# Task to carry out
From the top of the entries below through the line containing "Item preview, Feline", return every line exactly as written, please, and stop there.

# Source material
>>

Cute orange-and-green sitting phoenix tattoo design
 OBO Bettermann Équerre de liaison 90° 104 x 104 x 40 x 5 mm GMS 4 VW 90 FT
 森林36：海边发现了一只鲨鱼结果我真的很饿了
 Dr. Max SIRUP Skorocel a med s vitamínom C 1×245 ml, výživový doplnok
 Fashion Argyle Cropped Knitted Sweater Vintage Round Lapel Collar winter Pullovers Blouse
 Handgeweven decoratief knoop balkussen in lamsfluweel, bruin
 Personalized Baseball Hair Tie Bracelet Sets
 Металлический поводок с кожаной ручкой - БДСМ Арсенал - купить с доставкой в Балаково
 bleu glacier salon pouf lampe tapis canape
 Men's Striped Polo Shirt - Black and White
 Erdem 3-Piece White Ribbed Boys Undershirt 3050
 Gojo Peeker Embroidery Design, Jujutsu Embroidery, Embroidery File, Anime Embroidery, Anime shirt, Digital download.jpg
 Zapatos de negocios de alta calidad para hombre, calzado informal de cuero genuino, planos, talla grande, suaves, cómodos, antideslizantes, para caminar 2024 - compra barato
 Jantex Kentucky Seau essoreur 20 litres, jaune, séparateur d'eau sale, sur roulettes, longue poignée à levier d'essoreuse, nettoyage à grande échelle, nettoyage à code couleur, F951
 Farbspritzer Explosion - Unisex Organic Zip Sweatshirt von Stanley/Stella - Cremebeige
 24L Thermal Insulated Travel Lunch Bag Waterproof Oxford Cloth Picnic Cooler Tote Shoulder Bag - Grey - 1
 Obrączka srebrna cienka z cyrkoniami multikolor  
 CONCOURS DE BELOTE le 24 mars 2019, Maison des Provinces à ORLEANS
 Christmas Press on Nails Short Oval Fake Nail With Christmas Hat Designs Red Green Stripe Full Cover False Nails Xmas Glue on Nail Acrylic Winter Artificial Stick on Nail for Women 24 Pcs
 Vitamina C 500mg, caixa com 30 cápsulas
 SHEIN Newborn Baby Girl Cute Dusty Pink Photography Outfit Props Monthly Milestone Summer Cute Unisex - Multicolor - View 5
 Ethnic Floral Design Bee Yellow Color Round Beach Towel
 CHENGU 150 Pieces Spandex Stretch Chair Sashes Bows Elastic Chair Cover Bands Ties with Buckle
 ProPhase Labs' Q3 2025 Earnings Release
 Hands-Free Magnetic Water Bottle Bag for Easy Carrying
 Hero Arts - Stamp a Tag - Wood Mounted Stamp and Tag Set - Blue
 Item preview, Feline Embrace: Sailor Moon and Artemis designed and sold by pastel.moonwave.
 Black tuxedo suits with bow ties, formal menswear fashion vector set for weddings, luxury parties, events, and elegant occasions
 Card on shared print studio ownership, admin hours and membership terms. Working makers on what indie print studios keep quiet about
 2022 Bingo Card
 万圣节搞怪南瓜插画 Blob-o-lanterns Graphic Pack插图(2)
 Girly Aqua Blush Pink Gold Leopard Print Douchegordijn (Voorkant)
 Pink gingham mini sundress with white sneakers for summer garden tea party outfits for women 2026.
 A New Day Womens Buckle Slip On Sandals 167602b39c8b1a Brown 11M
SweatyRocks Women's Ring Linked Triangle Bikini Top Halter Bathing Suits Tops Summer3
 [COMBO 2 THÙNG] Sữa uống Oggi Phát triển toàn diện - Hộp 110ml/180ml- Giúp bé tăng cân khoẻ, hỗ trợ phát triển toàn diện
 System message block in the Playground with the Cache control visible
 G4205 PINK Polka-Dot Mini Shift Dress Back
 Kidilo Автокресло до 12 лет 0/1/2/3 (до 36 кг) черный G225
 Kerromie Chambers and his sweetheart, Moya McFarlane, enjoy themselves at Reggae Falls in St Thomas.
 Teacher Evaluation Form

<<

# Problem solution
Cute orange-and-green sitting phoenix tattoo design
 OBO Bettermann Équerre de liaison 90° 104 x 104 x 40 x 5 mm GMS 4 VW 90 FT
 森林36：海边发现了一只鲨鱼结果我真的很饿了
 Dr. Max SIRUP Skorocel a med s vitamínom C 1×245 ml, výživový doplnok
 Fashion Argyle Cropped Knitted Sweater Vintage Round Lapel Collar winter Pullovers Blouse
 Handgeweven decoratief knoop balkussen in lamsfluweel, bruin
 Personalized Baseball Hair Tie Bracelet Sets
 Металлический поводок с кожаной ручкой - БДСМ Арсенал - купить с доставкой в Балаково
 bleu glacier salon pouf lampe tapis canape
 Men's Striped Polo Shirt - Black and White
 Erdem 3-Piece White Ribbed Boys Undershirt 3050
 Gojo Peeker Embroidery Design, Jujutsu Embroidery, Embroidery File, Anime Embroidery, Anime shirt, Digital download.jpg
 Zapatos de negocios de alta calidad para hombre, calzado informal de cuero genuino, planos, talla grande, suaves, cómodos, antideslizantes, para caminar 2024 - compra barato
 Jantex Kentucky Seau essoreur 20 litres, jaune, séparateur d'eau sale, sur roulettes, longue poignée à levier d'essoreuse, nettoyage à grande échelle, nettoyage à code couleur, F951
 Farbspritzer Explosion - Unisex Organic Zip Sweatshirt von Stanley/Stella - Cremebeige
 24L Thermal Insulated Travel Lunch Bag Waterproof Oxford Cloth Picnic Cooler Tote Shoulder Bag - Grey - 1
 Obrączka srebrna cienka z cyrkoniami multikolor  
 CONCOURS DE BELOTE le 24 mars 2019, Maison des Provinces à ORLEANS
 Christmas Press on Nails Short Oval Fake Nail With Christmas Hat Designs Red Green Stripe Full Cover False Nails Xmas Glue on Nail Acrylic Winter Artificial Stick on Nail for Women 24 Pcs
 Vitamina C 500mg, caixa com 30 cápsulas
 SHEIN Newborn Baby Girl Cute Dusty Pink Photography Outfit Props Monthly Milestone Summer Cute Unisex - Multicolor - View 5
 Ethnic Floral Design Bee Yellow Color Round Beach Towel
 CHENGU 150 Pieces Spandex Stretch Chair Sashes Bows Elastic Chair Cover Bands Ties with Buckle
 ProPhase Labs' Q3 2025 Earnings Release
 Hands-Free Magnetic Water Bottle Bag for Easy Carrying
 Hero Arts - Stamp a Tag - Wood Mounted Stamp and Tag Set - Blue
 Item preview, Feline Embrace: Sailor Moon and Artemis designed and sold by pastel.moonwave.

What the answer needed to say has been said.